LCP is responsible for establishing, maintaining, and tearing down a connection between two endpoints. LCP also tests the link and determines whether it is active. LCP establishes a point-to-point connection as follows:

  1. LCP must first detect a clocking signal on each endpoint. However, because the clocking signal can be generated by a network clock and shared with devices on the network, the presence of a clocking signal is only a preliminary indication that the link might be functioning.
  2. When a clocking signal is detected, a PPP host begins transmitting PPP Configure-Request packets.
  3. If the remote endpoint on the point-to-point link receives the Configure-Request packet, it transmits a Configure-Acknowledgement packet to the source of the request.
  4. After receiving the acknowledgement, the initiating endpoint identifies the link as established. At the same time, the remote endpoint sends its own request packets and processes the acknowledgement packets. In a functioning network, both endpoints treat the connection as established.

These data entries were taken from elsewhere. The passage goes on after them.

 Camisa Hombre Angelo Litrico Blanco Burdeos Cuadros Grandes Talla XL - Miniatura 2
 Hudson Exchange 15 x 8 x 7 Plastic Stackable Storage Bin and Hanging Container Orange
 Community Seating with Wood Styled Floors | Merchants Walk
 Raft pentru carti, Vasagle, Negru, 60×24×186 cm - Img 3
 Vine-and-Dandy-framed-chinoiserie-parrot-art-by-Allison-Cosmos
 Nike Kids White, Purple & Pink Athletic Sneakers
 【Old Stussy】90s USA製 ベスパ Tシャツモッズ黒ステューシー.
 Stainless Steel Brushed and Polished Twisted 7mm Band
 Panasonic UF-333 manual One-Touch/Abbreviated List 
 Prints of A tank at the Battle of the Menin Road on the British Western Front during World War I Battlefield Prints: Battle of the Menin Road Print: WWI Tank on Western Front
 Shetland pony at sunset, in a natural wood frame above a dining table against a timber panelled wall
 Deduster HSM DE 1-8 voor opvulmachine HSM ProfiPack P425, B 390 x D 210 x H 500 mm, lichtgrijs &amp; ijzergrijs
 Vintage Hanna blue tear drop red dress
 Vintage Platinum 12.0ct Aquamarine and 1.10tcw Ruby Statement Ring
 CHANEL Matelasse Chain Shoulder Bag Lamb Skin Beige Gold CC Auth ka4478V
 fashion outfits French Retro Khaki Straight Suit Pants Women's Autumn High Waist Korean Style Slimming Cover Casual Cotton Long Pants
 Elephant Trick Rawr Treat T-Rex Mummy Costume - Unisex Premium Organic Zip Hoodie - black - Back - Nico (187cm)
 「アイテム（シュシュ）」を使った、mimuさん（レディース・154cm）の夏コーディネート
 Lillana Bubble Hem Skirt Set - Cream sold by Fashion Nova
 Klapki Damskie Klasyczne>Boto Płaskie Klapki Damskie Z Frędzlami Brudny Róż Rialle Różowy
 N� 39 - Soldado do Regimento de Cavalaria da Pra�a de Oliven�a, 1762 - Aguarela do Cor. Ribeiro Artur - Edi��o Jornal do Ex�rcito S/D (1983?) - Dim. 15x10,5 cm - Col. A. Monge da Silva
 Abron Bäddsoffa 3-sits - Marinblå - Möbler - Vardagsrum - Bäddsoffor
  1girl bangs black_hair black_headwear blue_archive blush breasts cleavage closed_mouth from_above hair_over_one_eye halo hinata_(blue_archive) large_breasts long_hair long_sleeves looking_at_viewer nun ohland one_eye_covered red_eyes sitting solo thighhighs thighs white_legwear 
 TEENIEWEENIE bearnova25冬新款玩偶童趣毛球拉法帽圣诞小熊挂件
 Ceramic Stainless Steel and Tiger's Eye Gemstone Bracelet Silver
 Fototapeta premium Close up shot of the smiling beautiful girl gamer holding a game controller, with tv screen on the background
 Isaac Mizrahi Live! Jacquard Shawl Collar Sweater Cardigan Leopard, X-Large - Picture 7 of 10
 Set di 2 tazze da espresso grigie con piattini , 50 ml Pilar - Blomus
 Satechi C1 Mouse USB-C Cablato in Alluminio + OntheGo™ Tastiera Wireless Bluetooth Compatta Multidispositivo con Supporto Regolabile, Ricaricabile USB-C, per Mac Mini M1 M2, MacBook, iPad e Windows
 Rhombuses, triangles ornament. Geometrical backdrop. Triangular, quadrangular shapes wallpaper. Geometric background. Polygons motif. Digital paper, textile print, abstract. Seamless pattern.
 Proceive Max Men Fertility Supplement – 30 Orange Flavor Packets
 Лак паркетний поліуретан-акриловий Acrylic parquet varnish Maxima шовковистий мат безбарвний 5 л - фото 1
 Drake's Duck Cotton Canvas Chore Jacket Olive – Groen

During connection establishment, LCP also negotiates connection parameters such as FCS and HDLC framing. By default, PPP uses a 16-bit FCS, but you can configure PPP to use either a 32-bit FCS or a 0-bit FCS (no FCS). Alternatively, you can enable HDLC encapsulation across the PPP connection.

After a connection is established, PPP hosts generate Echo-Request and Echo-Response packets to maintain a PPP link.